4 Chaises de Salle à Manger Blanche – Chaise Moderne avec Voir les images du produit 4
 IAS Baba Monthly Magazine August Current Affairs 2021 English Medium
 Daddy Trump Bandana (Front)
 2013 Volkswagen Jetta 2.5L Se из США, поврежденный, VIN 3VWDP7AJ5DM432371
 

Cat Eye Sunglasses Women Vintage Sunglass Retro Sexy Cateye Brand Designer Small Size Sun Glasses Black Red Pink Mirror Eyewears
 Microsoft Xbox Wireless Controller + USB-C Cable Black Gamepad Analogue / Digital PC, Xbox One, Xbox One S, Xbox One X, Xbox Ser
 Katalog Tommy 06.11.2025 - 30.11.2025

+++

◆ Work to complete ◆
An exact copy of all the records is the expected answer.

◆ Task output ◆
4 Chaises de Salle à Manger Blanche – Chaise Moderne avec Voir les images du produit 4
 IAS Baba Monthly Magazine August Current Affairs 2021 English Medium
 Daddy Trump Bandana (Front)
 2013 Volkswagen Jetta 2.5L Se из США, поврежденный, VIN 3VWDP7AJ5DM432371
 

Cat Eye Sunglasses Women Vintage Sunglass Retro Sexy Cateye Brand Designer Small Size Sun Glasses Black Red Pink Mirror Eyewears
 Microsoft Xbox Wireless Controller + USB-C Cable Black Gamepad Analogue / Digital PC, Xbox One, Xbox One S, Xbox One X, Xbox Ser
 Katalog Tommy 06.11.2025 - 30.11.2025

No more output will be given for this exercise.